What the exercise asks:
Repeat every entry in the listing below, exactly.

=== Section Start ===

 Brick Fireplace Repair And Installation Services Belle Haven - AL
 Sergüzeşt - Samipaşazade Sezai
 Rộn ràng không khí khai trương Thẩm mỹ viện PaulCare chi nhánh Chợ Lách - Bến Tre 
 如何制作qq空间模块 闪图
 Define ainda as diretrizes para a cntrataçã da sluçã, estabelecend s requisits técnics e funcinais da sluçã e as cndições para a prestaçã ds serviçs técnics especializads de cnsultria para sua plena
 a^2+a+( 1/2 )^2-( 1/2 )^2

=== Section End ===

Exercise solution:
 Brick Fireplace Repair And Installation Services Belle Haven - AL
 Sergüzeşt - Samipaşazade Sezai
 Rộn ràng không khí khai trương Thẩm mỹ viện PaulCare chi nhánh Chợ Lách - Bến Tre 
 如何制作qq空间模块 闪图
 Define ainda as diretrizes para a cntrataçã da sluçã, estabelecend s requisits técnics e funcinais da sluçã e as cndições para a prestaçã ds serviçs técnics especializads de cnsultria para sua plena
 a^2+a+( 1/2 )^2-( 1/2 )^2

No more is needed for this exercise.